The Nebraska Center for the Book is the Nebraska affiliate of the Center for the Book in the Library of Congress. It bestows out the annual Nebraska Book Awards in conjunction with the Nebraska Library Commission.

The Center's goal is to bring "readers, writers, booksellers, librarians, publishers, printers, educators, and scholars" together to excite interest in "the written word".

==Awards==
===Nebraska Book Awards===
The Nebraska book awards are given annually to books written by Nebraska authors, set in Nebraska, related to Nebraska or published by Nebraska-based publishers. Prizes are awarded in the categories of, Nonfiction, Fiction, Children/Young Adult, Cover/Design/Illustration, Anthology and Poetry.

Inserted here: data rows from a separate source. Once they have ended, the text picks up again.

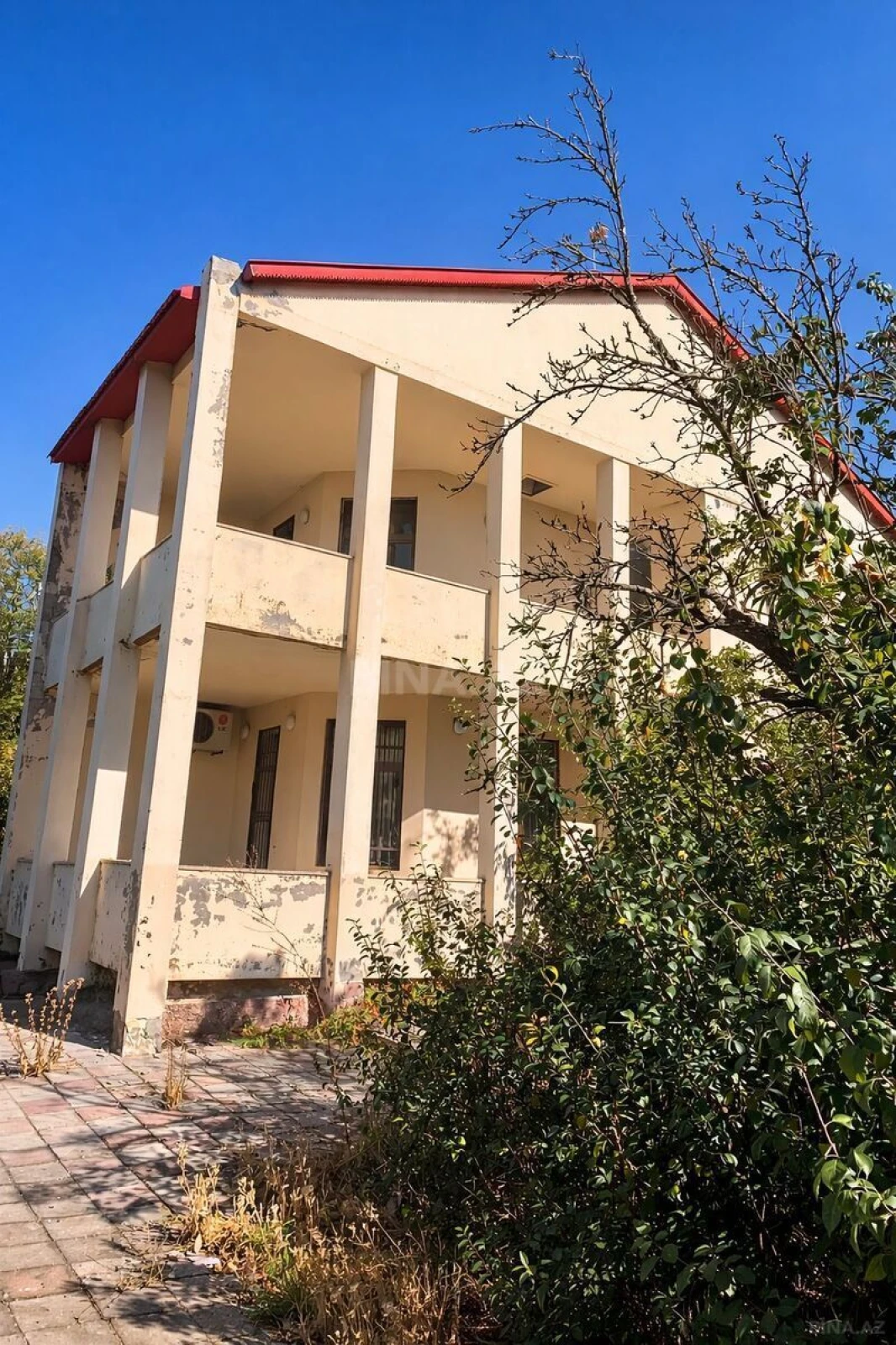 Satılır 7 otaqlı həyət evi 400 m²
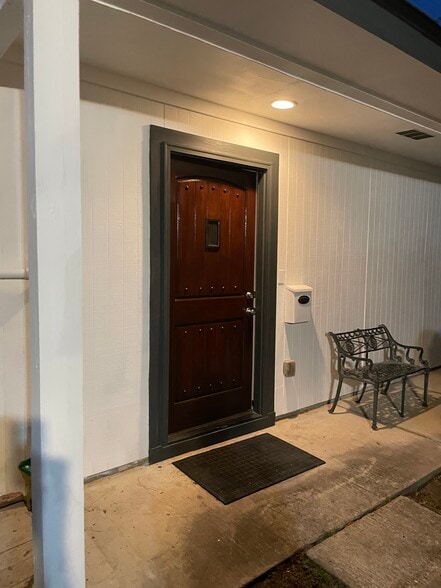 Front Entry w/ Porch - 12301 Almeda Genoa Rd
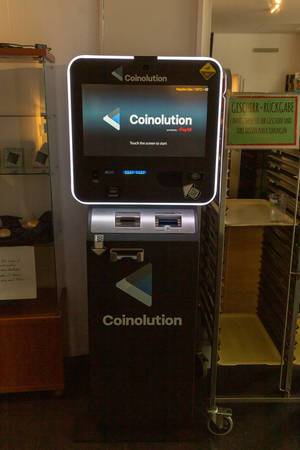 Coinolution Bitcoin-ATM, um am Automat bargeldlos mit der Kryptowährung zu bezahlen.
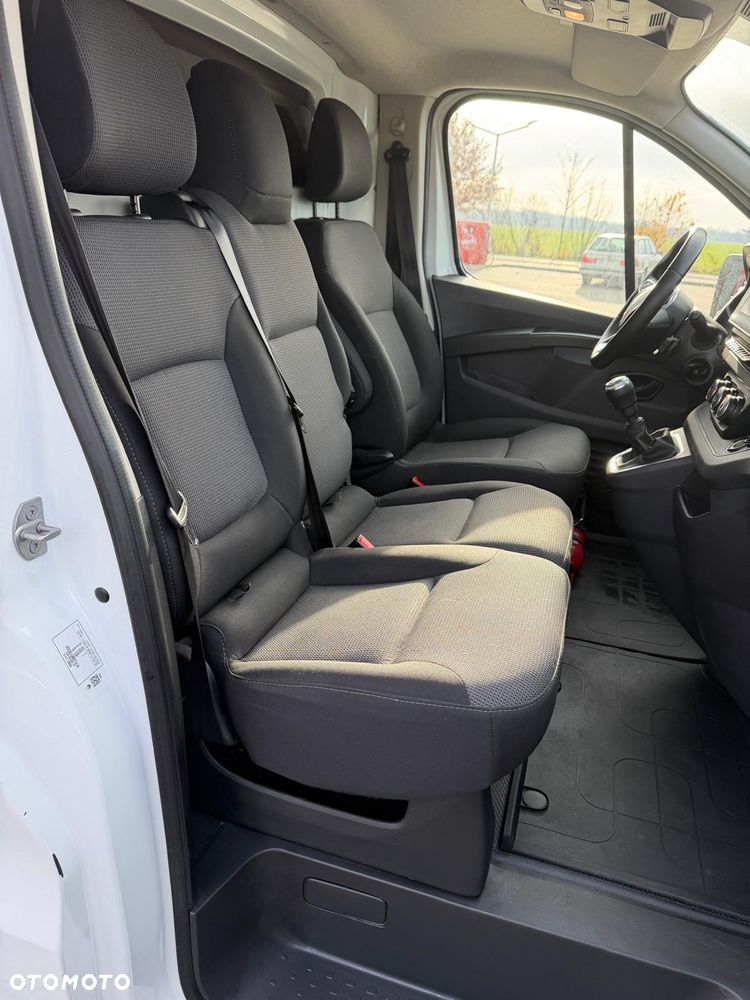 Renault Trafic - 15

In 2019 the Center was at the center of a political controversy when Governor Pete Ricketts refused to sign the customary proclamation declaring the winner on the grounds that the winning book, This Blessed Earth, by written by Nebraska journalist and author Ted Genoways, is a "political activist" whose book is "divisive." According to the Associated Press, Genoways has been critical of Obama administration policies, of the fact that Nebraska has an entirely Republican congressional delegation and of the Keystone XL pipeline.

===Mildred Bennett Award===
The Mildred Bennett Award is given to an individual for a significant contribution to the Nebraska literary tradition. It is named in honor of Mildred Bennett, who was the founding president of Nebraska's Willa Cather Pioneer Memorial and Educational Foundation.